Reproduce every entry below exactly, minus the pictures.
(Record extracts Opens)
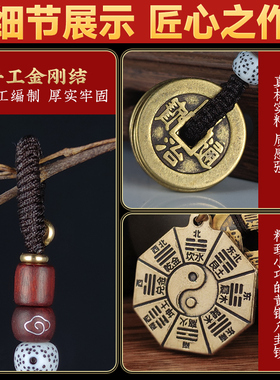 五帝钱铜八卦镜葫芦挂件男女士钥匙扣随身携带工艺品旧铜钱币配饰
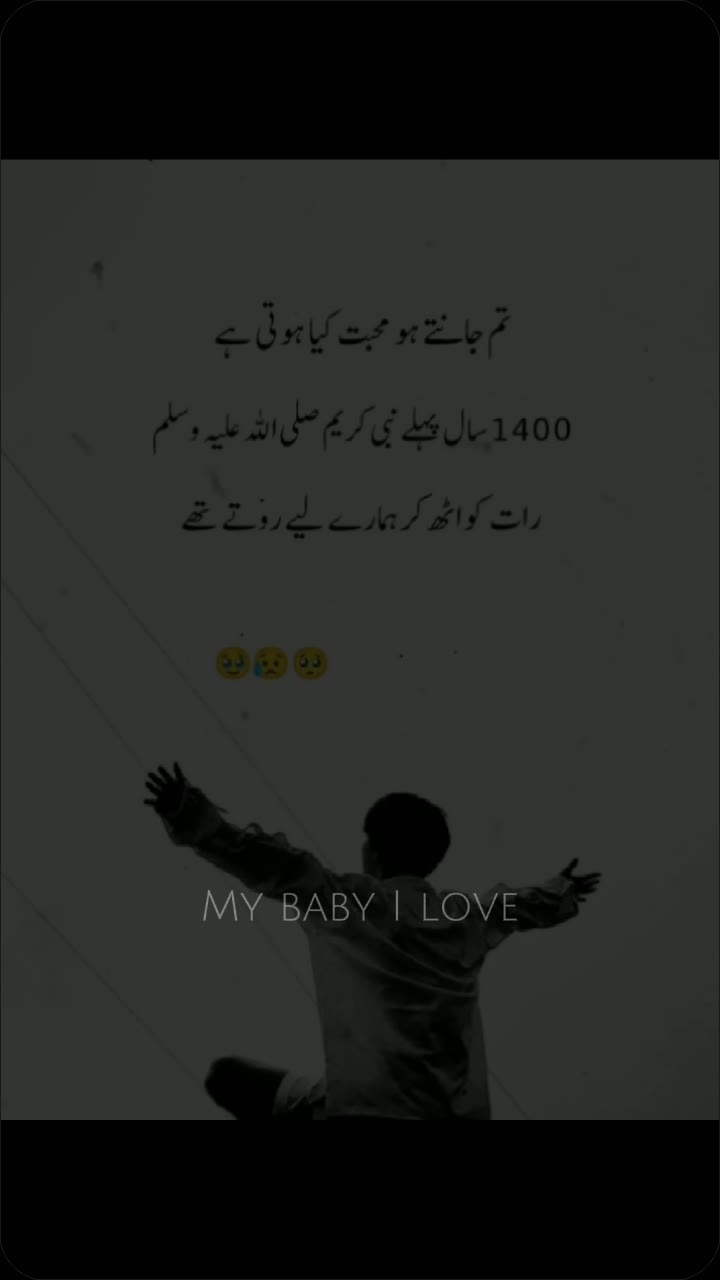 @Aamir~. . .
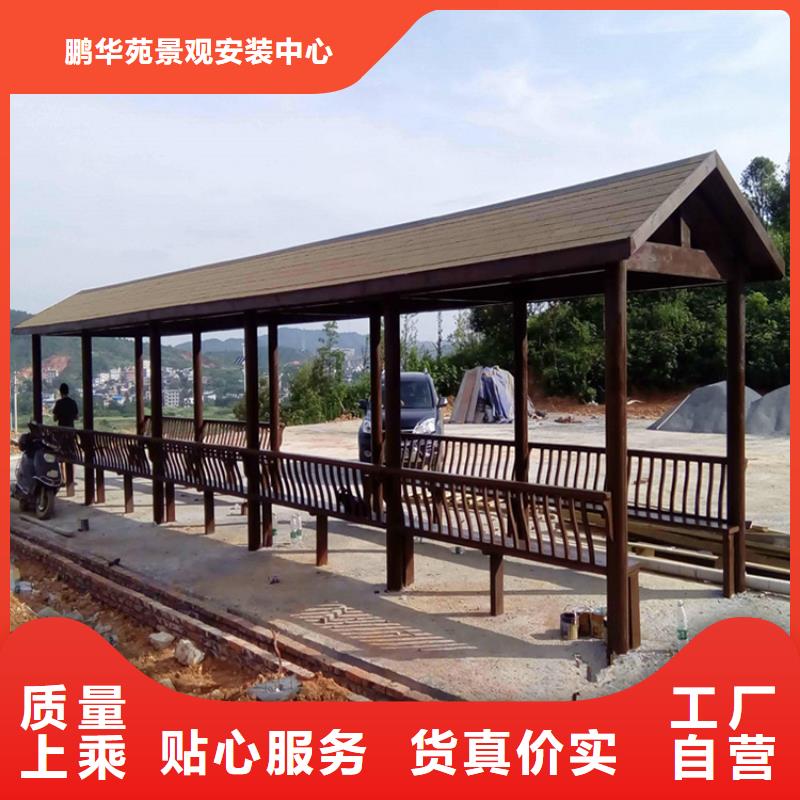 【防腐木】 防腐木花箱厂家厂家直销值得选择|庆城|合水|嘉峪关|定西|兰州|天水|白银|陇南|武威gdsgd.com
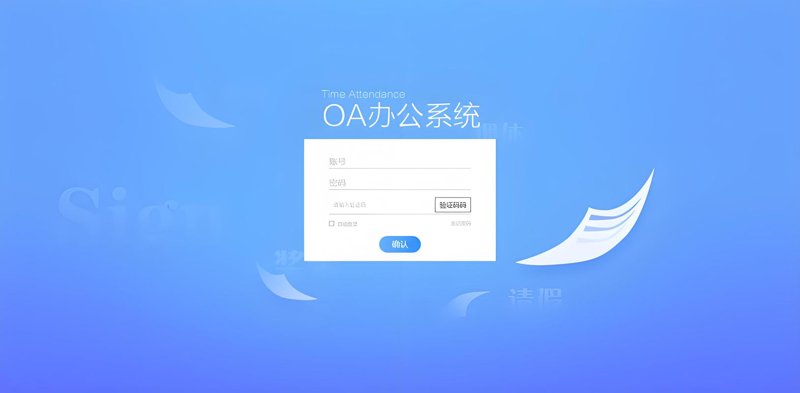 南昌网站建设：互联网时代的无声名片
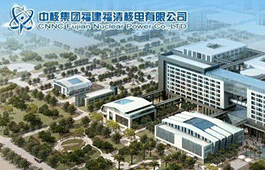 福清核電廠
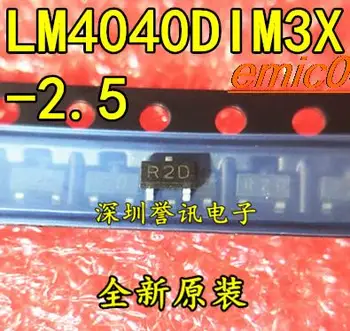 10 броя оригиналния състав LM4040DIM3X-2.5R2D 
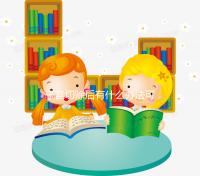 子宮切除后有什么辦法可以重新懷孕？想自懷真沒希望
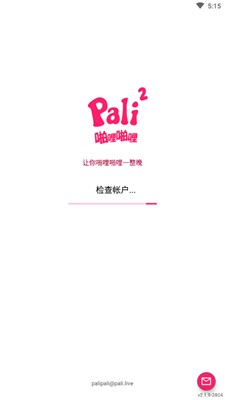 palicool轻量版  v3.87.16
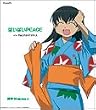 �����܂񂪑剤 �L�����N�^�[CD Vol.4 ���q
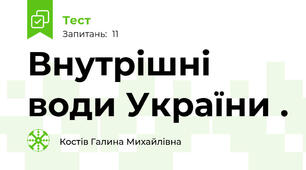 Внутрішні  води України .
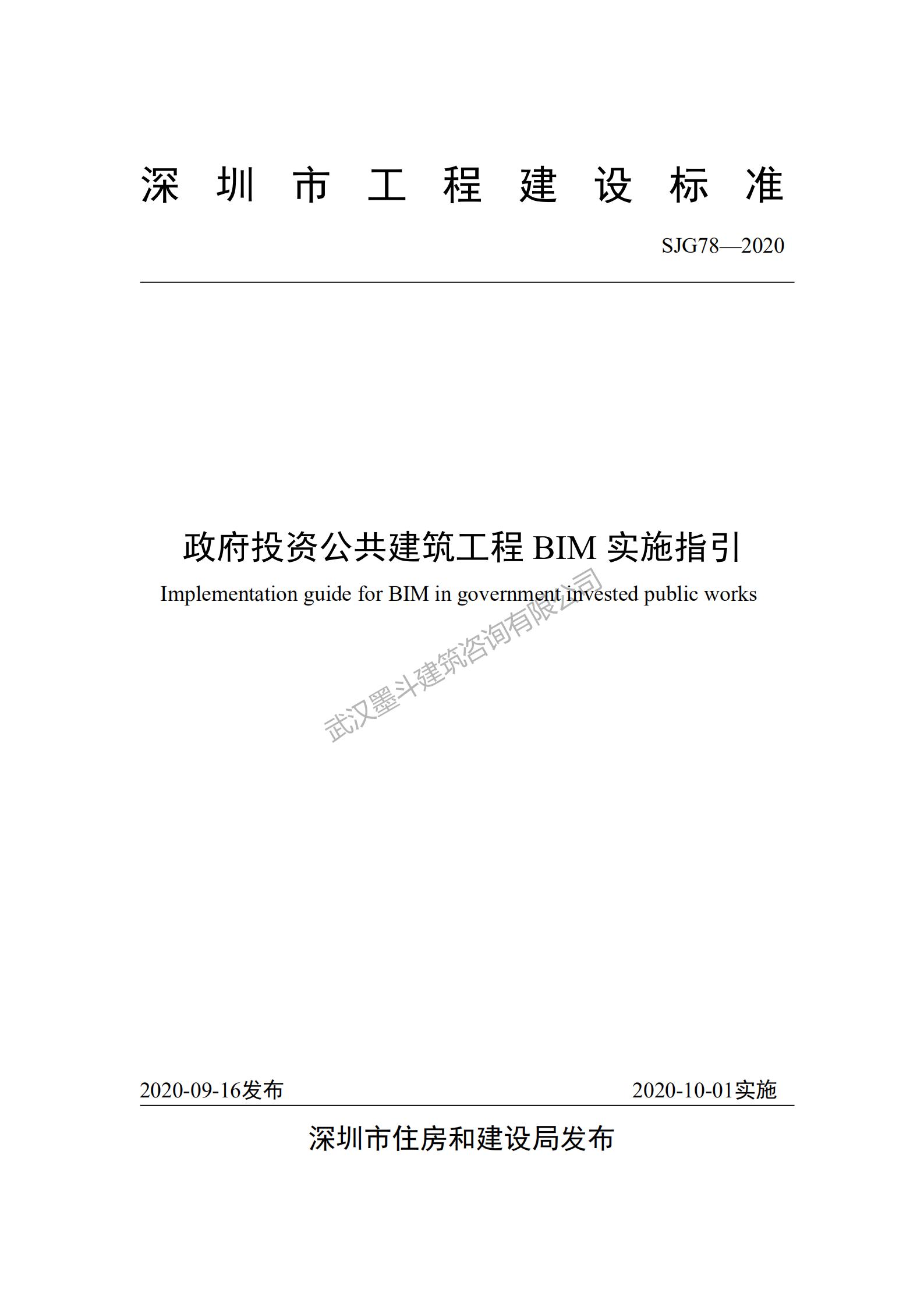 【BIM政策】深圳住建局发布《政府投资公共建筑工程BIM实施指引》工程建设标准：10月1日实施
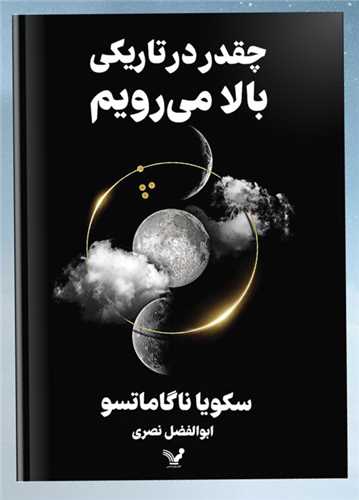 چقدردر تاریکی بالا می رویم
(Record extracts Closes)
__Exercise output__:
 五帝钱铜八卦镜葫芦挂件男女士钥匙扣随身携带工艺品旧铜钱币配饰
 @Aamir~. . .
 【防腐木】 防腐木花箱厂家厂家直销值得选择|庆城|合水|嘉峪关|定西|兰州|天水|白银|陇南|武威gdsgd.com
 南昌网站建设：互联网时代的无声名片
 福清核電廠
 10 броя оригиналния състав LM4040DIM3X-2.5R2D 
 子宮切除后有什么辦法可以重新懷孕？想自懷真沒希望
 palicool轻量版  v3.87.16
 �����܂񂪑剤 �L�����N�^�[CD Vol.4 ���q
 Внутрішні  води України .
 【BIM政策】深圳住建局发布《政府投资公共建筑工程BIM实施指引》工程建设标准：10月1日实施
 چقدردر تاریکی بالا می رویم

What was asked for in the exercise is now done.